The biggest job in India is vacant. No general election has been announced and there has been no change to the executive board at Tata. Instead, Rohit Sharma has resigned as the captain of the Indian Test side. His predecessor, Virat Kohli, has retired too and the Indian selectors now face a choice that matters not just to Indian cricket but to the health of Test cricket itself.
It is just as easy to tell the story of the Indian republic through the nation’s cricket captains as it is through its Prime Ministers. Independence begins with the Nawab of Pataudi, one of the few men to play Test cricket for both England and India, who played his last Test in August 1946, almost a year before the British left.
The Nawab’s son, known universally as “Tiger” Pataudi (Winchester and Oxford), later brought together three Indian cultural stories. In 1969, Tiger, the captain of India, married Sharmila Tagore, a Bollywood actress who was a distant relative of India’s great literary icon, Rabindranath Tagore.
Cricket, film and democracy are the unifying factors of Indian life, but plenty divides the country too, not least religion. It has helped that the Test team has been led by Muslims (the Pataudis and Mohammad Azharuddin), a Sikh (Bishan Bedi) as well as plenty of Hindus.
Sadly, one of the captains, Azharuddin, also exemplified a persistent feature of Indian public life, which is its corruption. Azharuddin was banned by the ICC and the BCCI for match-fixing before, fittingly perhaps, he entered Parliament as a Congress politician.
The deepest fault lines of Indian society, though, are not religious but material. This is a country that houses great wealth, while more than one million children die every year of preventable causes.
On one side of the divide stand the Brahminical nobility of Sunil Gavaskar and Sourav Ganguly and, on the other, the former travelling ticket examiner at Kharagpur railway station, Mahendra Singh Dhoni, perhaps the greatest of all Indian captains.
Dhoni’s superstar status in India is almost unimaginable elsewhere.
The historian Ramachandra Guha has complained that dominance by a charismatic individual – the Gandhi family in the Congress party, the cult of Narendra Modi – is a characteristic flaw of Indian institutions.
He has extended the analysis to Indian cricket in which he says Kohli, above all, had a mesmeric effect on the powers that be. That said, Kohli and Sharma should be commended for stepping down earlier than expected because Indian cricket usually indulges its superstars for too long. Sachin Tendulkar’s farewell tour went on longer than Elton John’s.
In their time at the top, Sharma and Kohli performed another important service whose ramifications range across the world. The captain of India is the world’s most powerful advocate for Test cricket. If the Indian captain were to sound like he preferred the speed and the riches of the IPL to the slow, unfolding subtleties of Test cricket, then the longer form would be in more trouble than it is anyway.
Kohli in particular, was always an eloquent advocate of Test cricket and he did the game a great service.

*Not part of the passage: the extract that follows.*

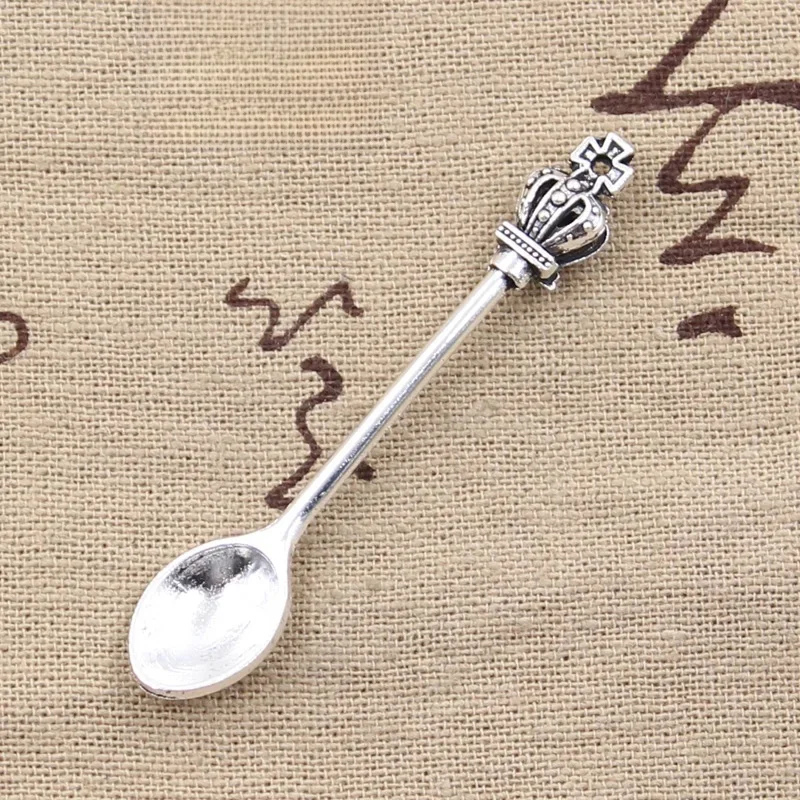 8 sztuk Charms łyżka kuchenna korona 57x9mm antyczne Making wisiorek fit, Vintage tybetański brąz kolor srebrny, DIY ręcznie robiona biżuteria — zdjęcie 2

Now Indian cricket is looking for the next spokesman for the game. The coming man, and probably the most likely, is Shubman Gill, but his abundant talent has yet to be translated into consistent achievement.
Rishabh Pant has captained the Delhi and Lucknow franchises, but he is not long back from a serious car crash. The best available captain is probably Shreyas Iyer, but he is not certain of a place in the team. The smart choice might be vice-captain Jasprit Bumrah. As well as being a contemporary superstar with 25 million social media followers, Bumrah is a cricketer who cherishes his status as the best Test bowler in the world. The Test game needs a leader by example and Bumrah would be that man.